DATA EXCERPTS -
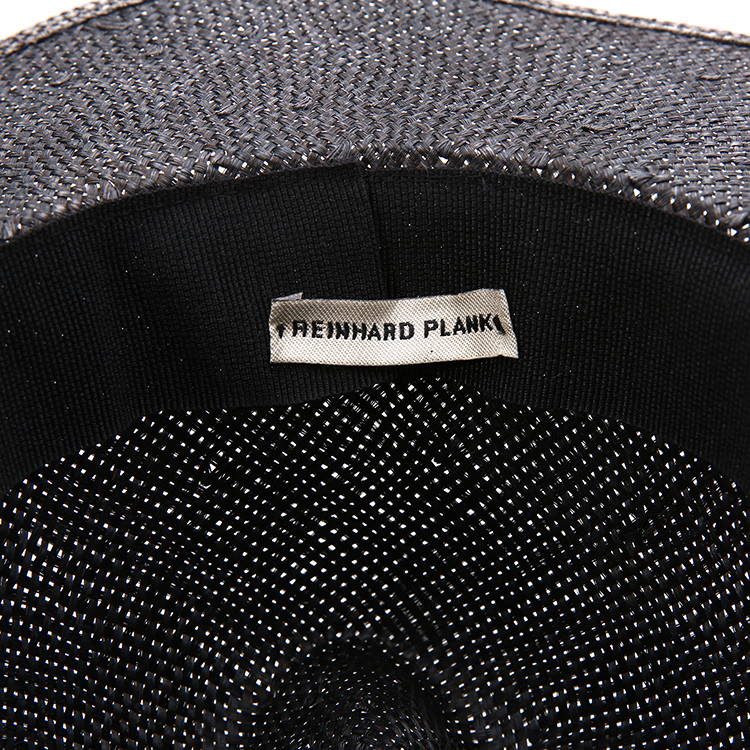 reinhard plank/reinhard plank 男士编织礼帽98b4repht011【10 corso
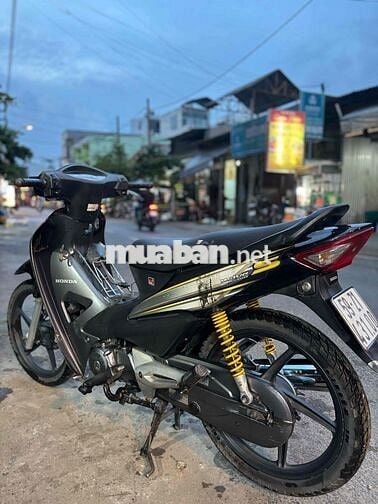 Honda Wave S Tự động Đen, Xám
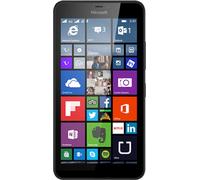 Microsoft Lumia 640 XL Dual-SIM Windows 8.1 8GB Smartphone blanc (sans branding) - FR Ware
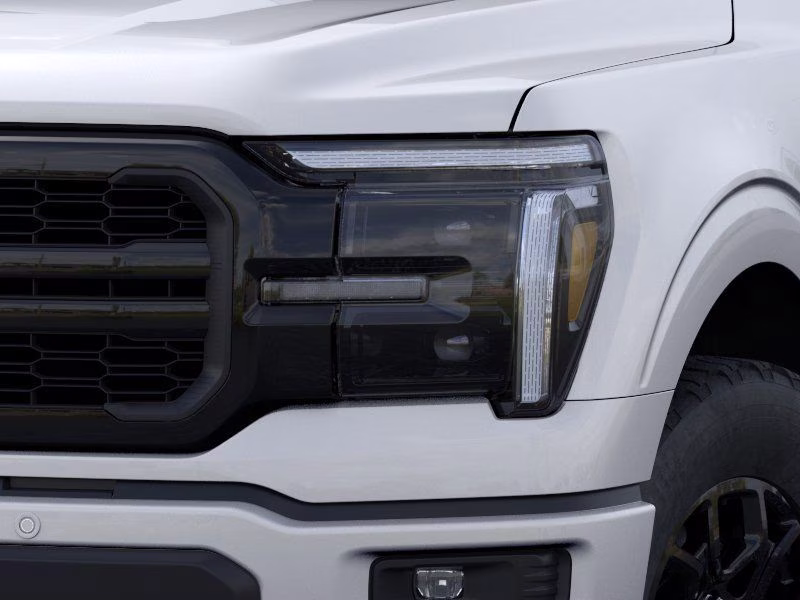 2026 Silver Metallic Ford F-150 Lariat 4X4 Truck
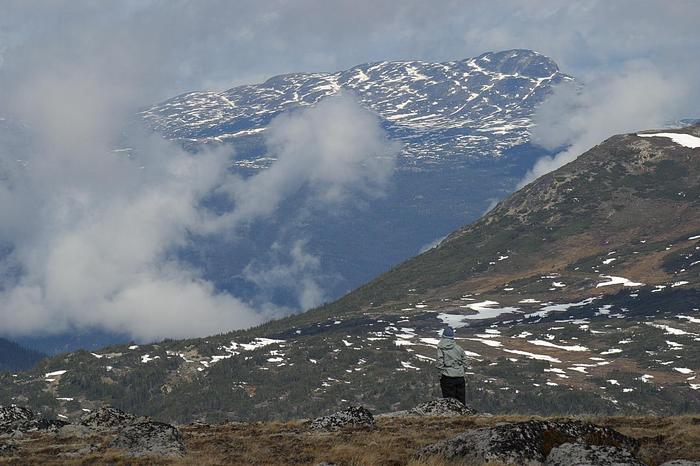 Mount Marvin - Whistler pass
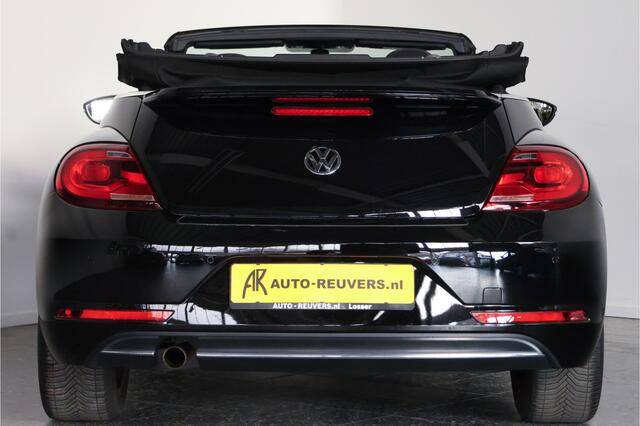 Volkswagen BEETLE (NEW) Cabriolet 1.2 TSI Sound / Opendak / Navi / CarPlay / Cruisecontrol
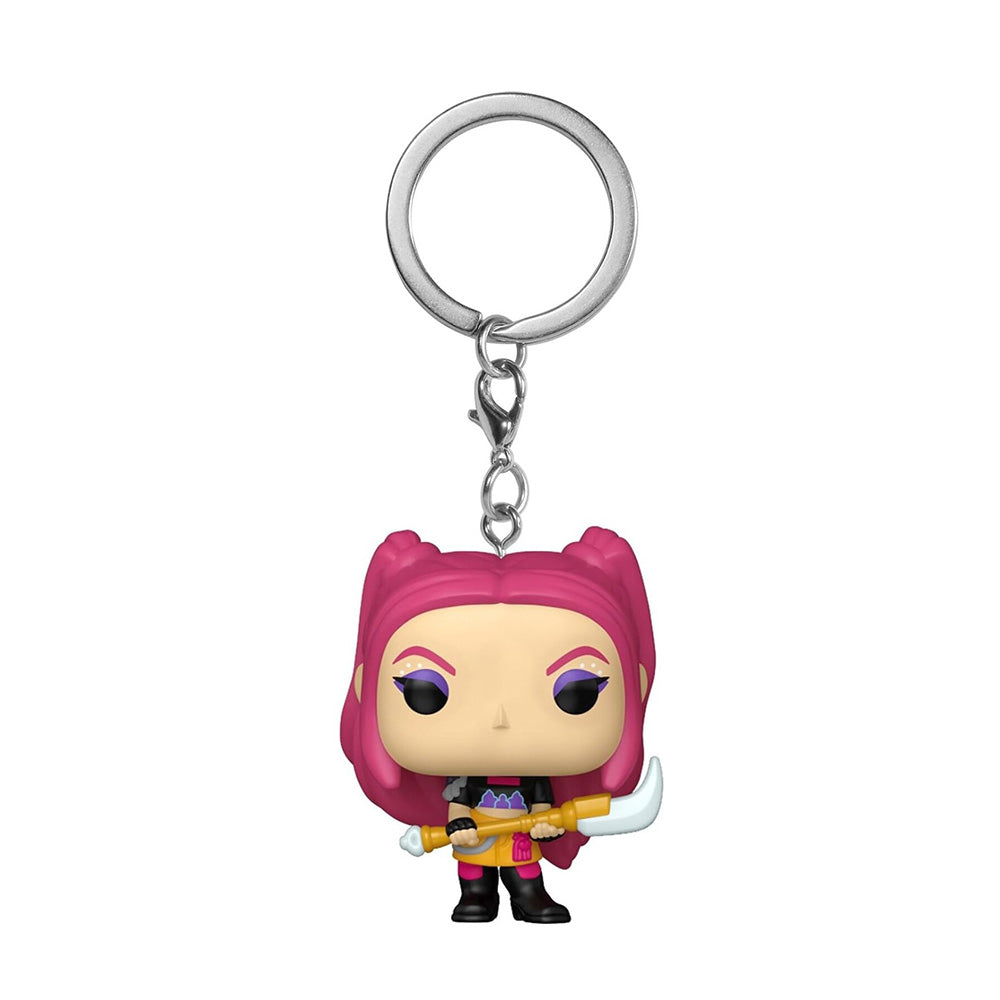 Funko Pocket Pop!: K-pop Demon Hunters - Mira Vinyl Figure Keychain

DIRECTIONS FOR THIS TASK - Your answer must be an exact transcription of every entry, minus the pictures.

EXERCISE SOLUTION -
 reinhard plank/reinhard plank 男士编织礼帽98b4repht011【10 corso
 Honda Wave S Tự động Đen, Xám
 Microsoft Lumia 640 XL Dual-SIM Windows 8.1 8GB Smartphone blanc (sans branding) - FR Ware
 2026 Silver Metallic Ford F-150 Lariat 4X4 Truck
 Mount Marvin - Whistler pass
 Volkswagen BEETLE (NEW) Cabriolet 1.2 TSI Sound / Opendak / Navi / CarPlay / Cruisecontrol
 Funko Pocket Pop!: K-pop Demon Hunters - Mira Vinyl Figure Keychain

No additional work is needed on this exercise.